For the next few months, I’ll readily use nettle leaves in place of spinach. I could list a heap of recipes (our blog does that quite nicely) but the best way to showcase their subtly fantastic, peppery green, lovely flavour is the ol’ classic soup. Once you’ve gone through the arduous task of stripping the leaves from the stalks (a perfect job for someone offering to help in the kitchen) the dish itself comes together super quick. It’s one of those meals to really let your senses loose on, the smell of dappled undergrowth, the taste of newly grown shoots, the slight tingling of your reddened fingertips, mmm..


  • 1 medium onion
  • 2 stalks of celery
  • 1/3 of a leek
  • 1 largepotato
  • 500ml boiled water
  • 1 bag of nettle leaves
  • 1 tablespoon of Bouillon stock granules
  • 1 teaspoon of fresh ground peppercorns
  • 1/4 teaspoon of Sea Salt
  • 1 tablespoon of oil (coconut/olive etc.)

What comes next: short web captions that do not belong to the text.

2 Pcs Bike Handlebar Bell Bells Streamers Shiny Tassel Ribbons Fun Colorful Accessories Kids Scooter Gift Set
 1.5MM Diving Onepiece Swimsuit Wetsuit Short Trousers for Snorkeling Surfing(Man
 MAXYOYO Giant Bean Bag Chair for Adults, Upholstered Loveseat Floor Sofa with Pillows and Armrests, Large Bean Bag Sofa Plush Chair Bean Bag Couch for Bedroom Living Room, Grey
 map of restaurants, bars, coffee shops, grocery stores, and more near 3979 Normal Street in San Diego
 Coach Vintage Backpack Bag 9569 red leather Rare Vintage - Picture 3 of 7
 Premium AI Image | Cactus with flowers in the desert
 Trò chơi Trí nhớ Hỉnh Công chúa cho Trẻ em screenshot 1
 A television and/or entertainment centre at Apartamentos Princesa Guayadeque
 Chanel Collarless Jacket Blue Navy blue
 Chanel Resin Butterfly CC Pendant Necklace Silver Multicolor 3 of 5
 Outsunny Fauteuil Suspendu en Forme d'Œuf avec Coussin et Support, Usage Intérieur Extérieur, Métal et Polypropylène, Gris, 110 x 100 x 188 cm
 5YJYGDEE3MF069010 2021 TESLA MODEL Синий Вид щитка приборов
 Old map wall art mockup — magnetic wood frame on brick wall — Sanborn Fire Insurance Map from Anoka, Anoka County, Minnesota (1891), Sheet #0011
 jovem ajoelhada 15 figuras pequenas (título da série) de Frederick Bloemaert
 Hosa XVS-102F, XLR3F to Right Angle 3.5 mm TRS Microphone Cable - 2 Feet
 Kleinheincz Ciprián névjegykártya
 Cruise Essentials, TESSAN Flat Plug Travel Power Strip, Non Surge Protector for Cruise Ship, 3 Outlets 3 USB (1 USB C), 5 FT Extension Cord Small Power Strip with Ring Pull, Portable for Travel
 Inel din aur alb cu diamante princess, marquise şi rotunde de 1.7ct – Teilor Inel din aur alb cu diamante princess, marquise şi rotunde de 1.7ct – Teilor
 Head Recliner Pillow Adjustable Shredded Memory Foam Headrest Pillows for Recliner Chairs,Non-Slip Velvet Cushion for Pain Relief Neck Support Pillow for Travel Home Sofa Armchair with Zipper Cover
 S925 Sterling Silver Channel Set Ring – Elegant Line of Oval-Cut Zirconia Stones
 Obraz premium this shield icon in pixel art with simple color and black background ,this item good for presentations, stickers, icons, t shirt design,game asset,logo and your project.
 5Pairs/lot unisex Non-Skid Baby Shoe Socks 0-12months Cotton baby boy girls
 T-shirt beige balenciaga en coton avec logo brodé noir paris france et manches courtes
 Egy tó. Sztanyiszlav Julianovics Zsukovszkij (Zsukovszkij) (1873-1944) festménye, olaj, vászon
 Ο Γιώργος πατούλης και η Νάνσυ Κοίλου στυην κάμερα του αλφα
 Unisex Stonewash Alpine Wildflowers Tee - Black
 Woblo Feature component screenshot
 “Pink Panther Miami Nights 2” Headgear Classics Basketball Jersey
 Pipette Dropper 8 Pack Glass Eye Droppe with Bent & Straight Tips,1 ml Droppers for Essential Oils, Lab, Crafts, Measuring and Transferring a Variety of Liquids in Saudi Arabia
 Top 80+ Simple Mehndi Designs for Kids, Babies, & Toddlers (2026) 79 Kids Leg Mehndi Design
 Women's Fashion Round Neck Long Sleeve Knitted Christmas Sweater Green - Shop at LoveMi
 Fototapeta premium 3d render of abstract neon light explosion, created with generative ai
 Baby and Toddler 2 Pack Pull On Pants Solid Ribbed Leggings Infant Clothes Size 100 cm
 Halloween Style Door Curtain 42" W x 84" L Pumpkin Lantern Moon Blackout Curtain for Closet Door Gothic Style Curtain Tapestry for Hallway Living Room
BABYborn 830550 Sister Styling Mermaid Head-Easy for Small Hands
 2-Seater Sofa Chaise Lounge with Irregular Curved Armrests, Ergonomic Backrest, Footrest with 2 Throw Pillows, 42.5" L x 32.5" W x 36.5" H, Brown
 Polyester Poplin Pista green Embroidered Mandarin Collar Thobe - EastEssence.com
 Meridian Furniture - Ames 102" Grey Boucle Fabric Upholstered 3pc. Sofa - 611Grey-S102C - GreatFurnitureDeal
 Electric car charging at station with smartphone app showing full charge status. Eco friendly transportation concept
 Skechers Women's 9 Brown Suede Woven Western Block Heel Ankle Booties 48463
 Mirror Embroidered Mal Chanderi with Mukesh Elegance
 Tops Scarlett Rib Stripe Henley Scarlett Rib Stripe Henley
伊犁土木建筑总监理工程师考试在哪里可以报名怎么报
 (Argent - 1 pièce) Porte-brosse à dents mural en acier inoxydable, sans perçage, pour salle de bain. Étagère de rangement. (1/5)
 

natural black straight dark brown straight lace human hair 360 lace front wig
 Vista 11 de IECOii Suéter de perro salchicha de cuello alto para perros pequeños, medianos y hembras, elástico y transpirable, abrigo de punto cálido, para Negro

Remove nettle leaves from stalks with scissors; soak them in fresh water for 20 minutes then drain well. Heat the oil in a soup pan on a medium heat. Roughly chop the onion, leek, celery, potato and add to pan, cook for 5 minutes. Add the water, stock, and seasoning. Bring to the boil. Put in the nettles and reduce the heat to a gentle simmer, cook for 10-15 minutes until the potato has just softened. Remove from heat and blend till smooth. Finish with seeds if you fancy.